▶ _SOURCE DATA_:
::::
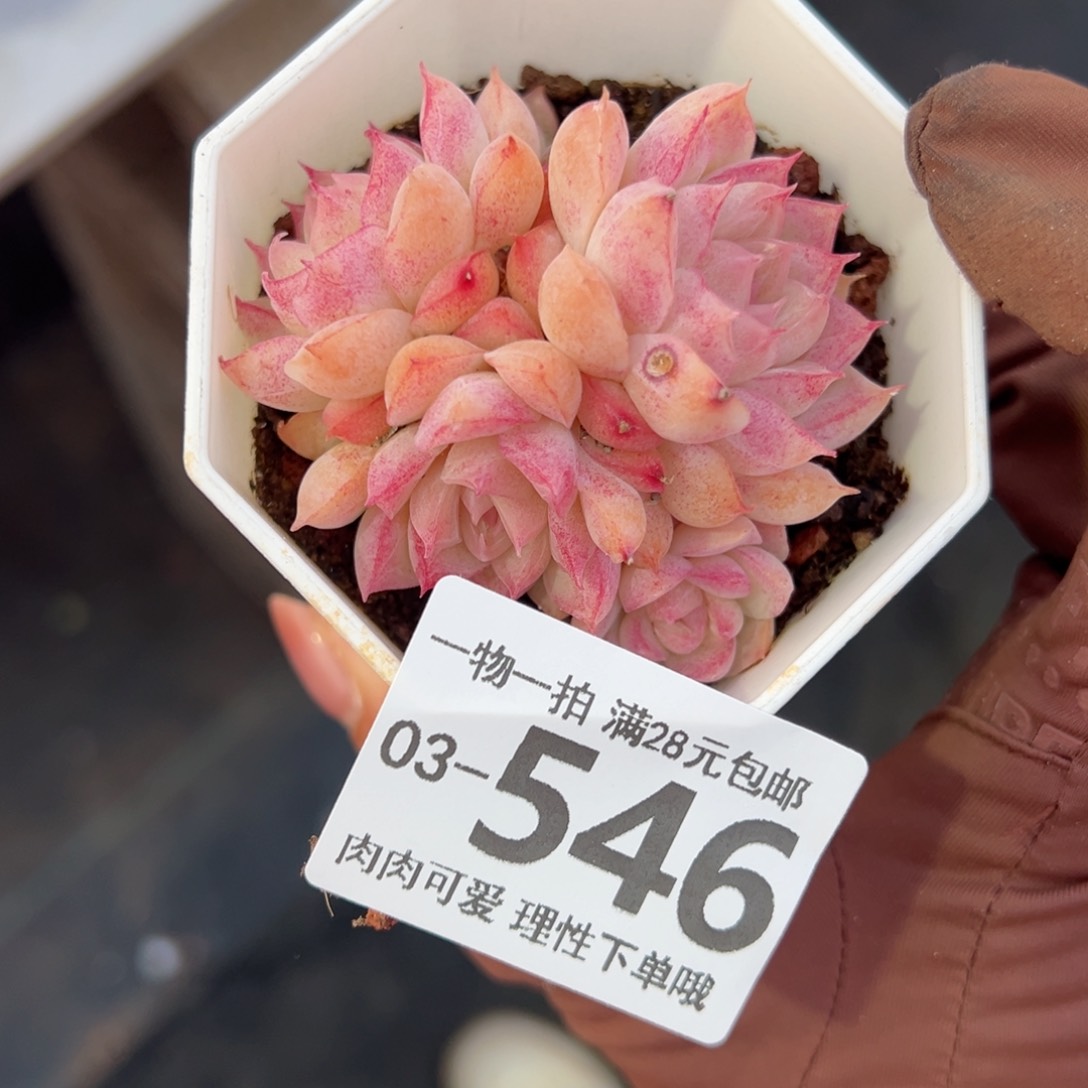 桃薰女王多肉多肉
::::
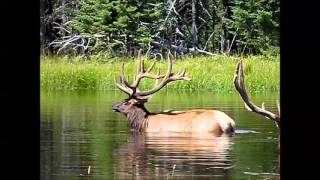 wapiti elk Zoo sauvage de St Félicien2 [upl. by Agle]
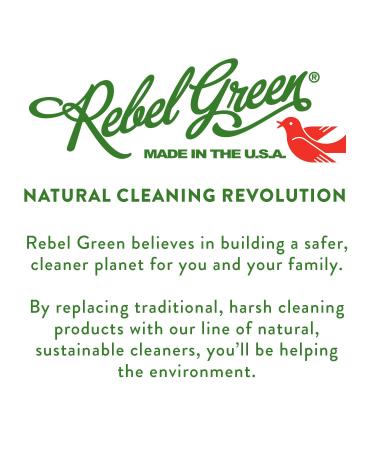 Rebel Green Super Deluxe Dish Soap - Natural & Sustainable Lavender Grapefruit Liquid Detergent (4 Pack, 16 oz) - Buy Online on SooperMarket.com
::::
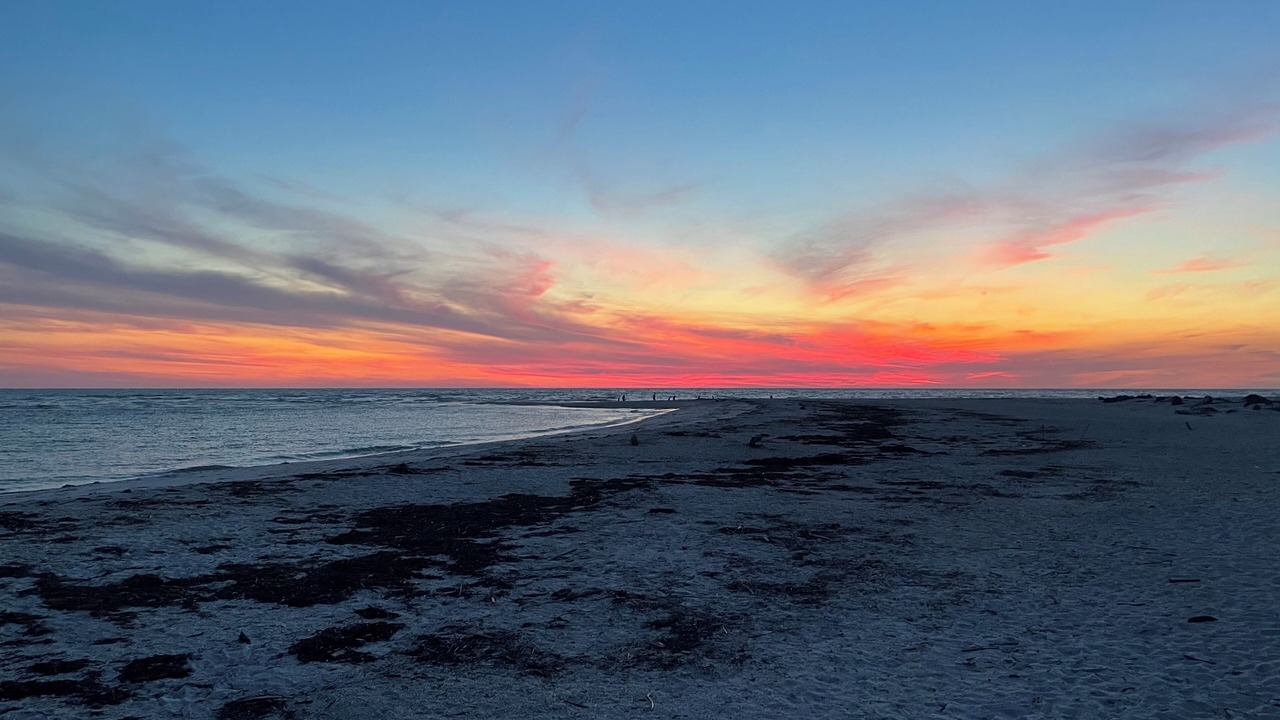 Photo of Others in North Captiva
::::
With pictures omitted, repeat the entries above word for word from the line holding "wapiti elk Zoo" down to the line holding "Rebel Green Super", keeping both of those lines.

▶ _EXERCISE RESPONSE_:
 wapiti elk Zoo sauvage de St Félicien2 [upl. by Agle]
 Rebel Green Super Deluxe Dish Soap - Natural & Sustainable Lavender Grapefruit Liquid Detergent (4 Pack, 16 oz) - Buy Online on SooperMarket.com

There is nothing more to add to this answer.